Work request. Transcribe exactly, please, the line bearing "Waytoplay - Circuit" and all later lines through the end of the records, with the pictures left out.

Information provided.
● ● ● ●
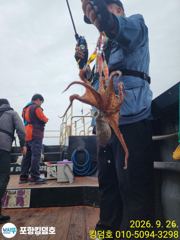 [포항] 9-26(실시간)왕돌문어 망테기 조황(일요일 예약중)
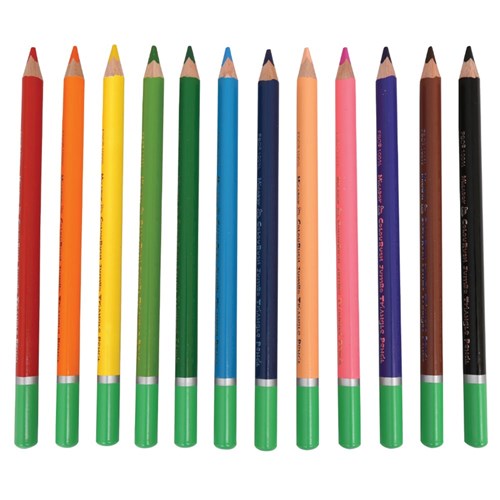 Micador Jumbo Triangular Coloured Pencils - Pack of 12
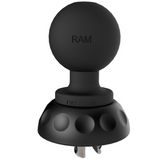 RAP-405U RAM Mounts Leash Plug Ball Adapter with 1.5-Inch C-Size Ball - Synergy Mounting Systems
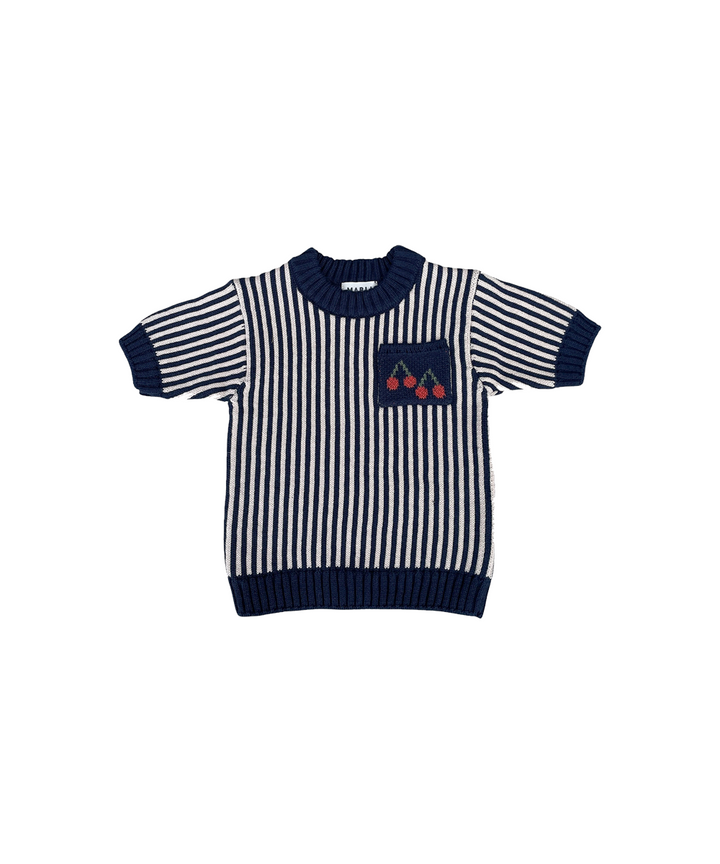 Shopping Tee - Navy  - Organic Cotton &amp; Cashmere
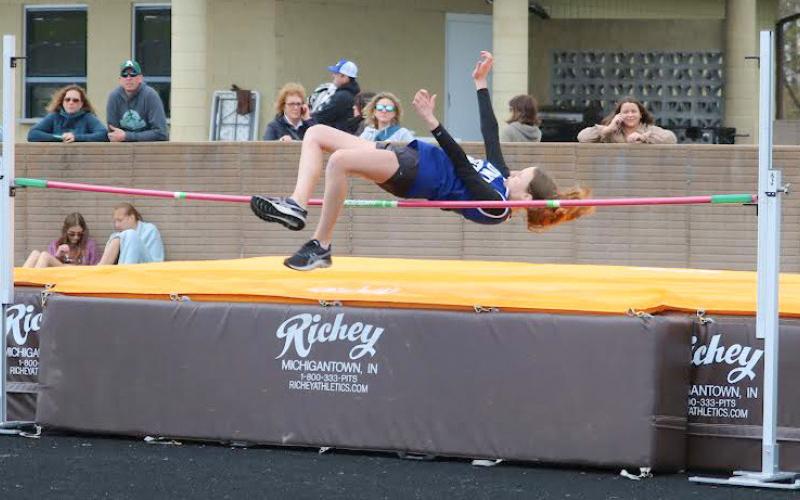Gladwin Jr. High girls track place third in Ogemaw meet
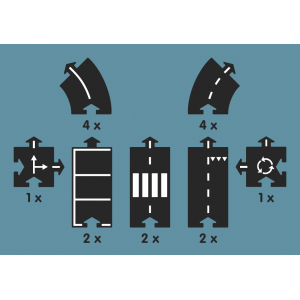 Waytoplay - Circuit modulable 16 pièces - Voie express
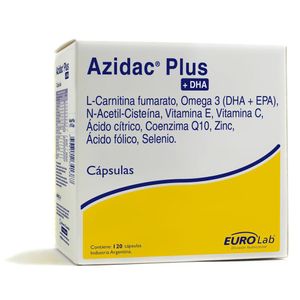 Azidac plus dha fertilidad masculina 120 cápsulas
● ● ● ●
Task answer.
 Waytoplay - Circuit modulable 16 pièces - Voie express
 Azidac plus dha fertilidad masculina 120 cápsulas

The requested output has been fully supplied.